→ Source data:
★ ★ ★ ★ ★ ★ ★
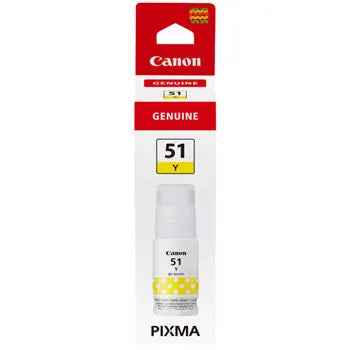 Tinteiro Canon GI-51Y Amarelo 70ml — Alta Performance para Impressoras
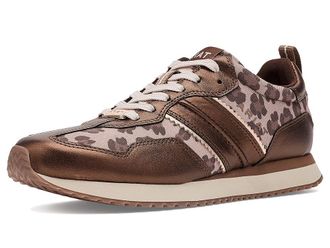 Ariat Ranch Runner Womens Shoes Bronzed Leopard : 8.5 B - Medium, Canvas/Leather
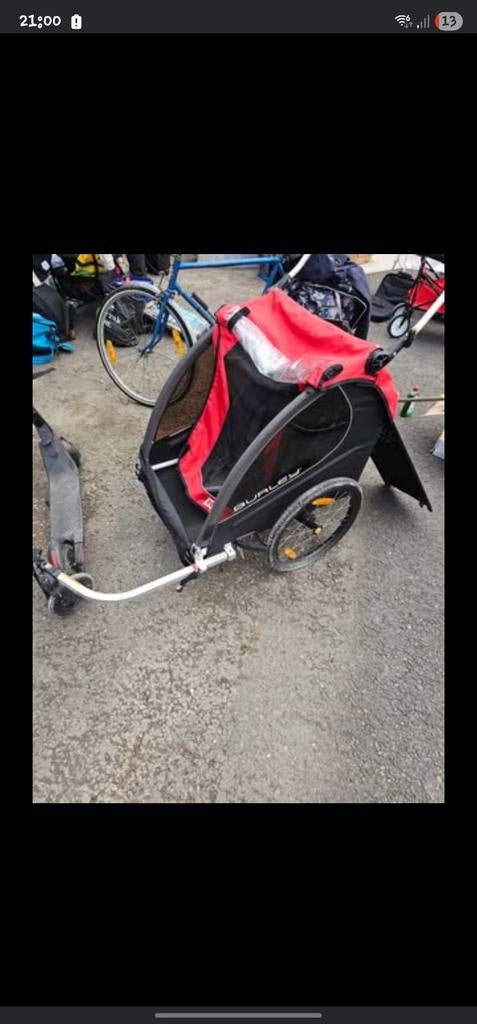 Fietskar burley nieuwstaat, Ophalen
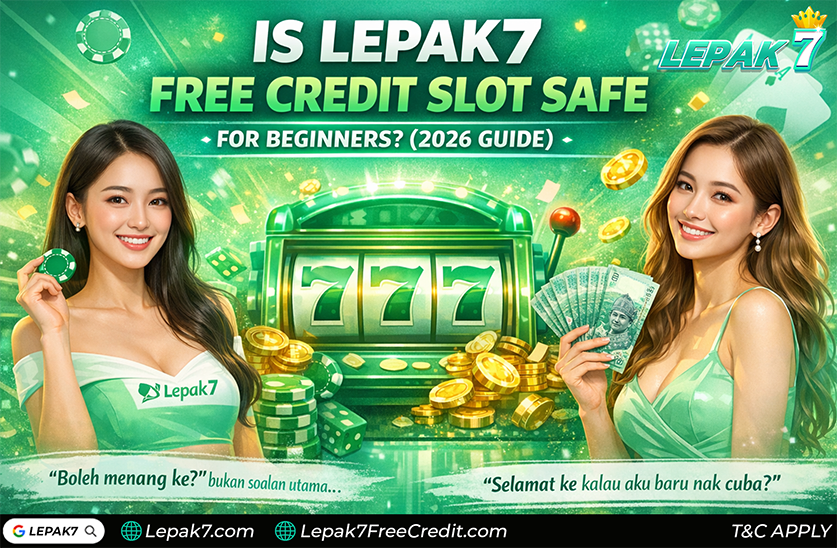 Lepak7 free credit slot safe for beginners 2026 guide explaining real risks, beginner safety factors, common mistakes and realistic expectations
★ ★ ★ ★ ★ ★ ★
→ Aim of the exercise:
Transcribe all of the material exactly, leaving out whatever pictures it contains.

→ Task answer:
 Tinteiro Canon GI-51Y Amarelo 70ml — Alta Performance para Impressoras
 Ariat Ranch Runner Womens Shoes Bronzed Leopard : 8.5 B - Medium, Canvas/Leather
 Fietskar burley nieuwstaat, Ophalen
 Lepak7 free credit slot safe for beginners 2026 guide explaining real risks, beginner safety factors, common mistakes and realistic expectations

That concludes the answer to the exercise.